Comment a donc fait Emmanuel Finkiel pour porter si brillamment à l’écran La Douleur de Marguerite Duras ? Il a fait sienne cette œuvre autobiographique sur les amours de la romancière pendant la Seconde Guerre mondiale.

Mélanie Thierry, dans son plus beau rôle à ce jour, incarne cette femme déchirée entre son inquiétude pour son mari déporté, sa liaison avec un camarade résistant ( Benjamin Biolay) et sa relation trouble avec un milicien ( Benoît Magimel, inquiétant et fascinant).

Montrer Duras comme un être humain

Le réalisateur de Je ne suis pas un salaud n’a pas souhaité livrer un biopic de Marguerite Duras. « Il a fallu me positionner, présupposer des choses, explique-t-il.

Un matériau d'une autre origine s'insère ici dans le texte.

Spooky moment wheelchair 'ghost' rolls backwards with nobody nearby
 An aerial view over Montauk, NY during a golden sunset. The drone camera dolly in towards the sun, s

Je l’ai fait en amenant Marguerite au niveau de quelqu’un qui réagit comme un être humain plutôt que comme un écrivain. » L’insupportable incertitude dans laquelle vit la jeune femme, contrainte de pactiser avec un Français affilié à la Gestapo dans l’espoir qu’il pourra aider son époux, est particulièrement bien rendue. On la comprend dans chacun de ses choix.

C’est dans sa propre expérience familiale que le cinéaste a puisée pour donner corps à la souffrance de son héroïne voyant revenir des gens des camps alors que son mari semble avoir disparu. « Ce personnage faisait écho à la figure même de mon père qui était quelqu’un qui attendait toujours, dit-il. Même après qu’il a eu la certitude que la vie de ses proches s’était terminée à Auschwitz. » Il y a beaucoup de pudeur et de sensibilité dans cette chronique doublée d’un sublime portrait de femme.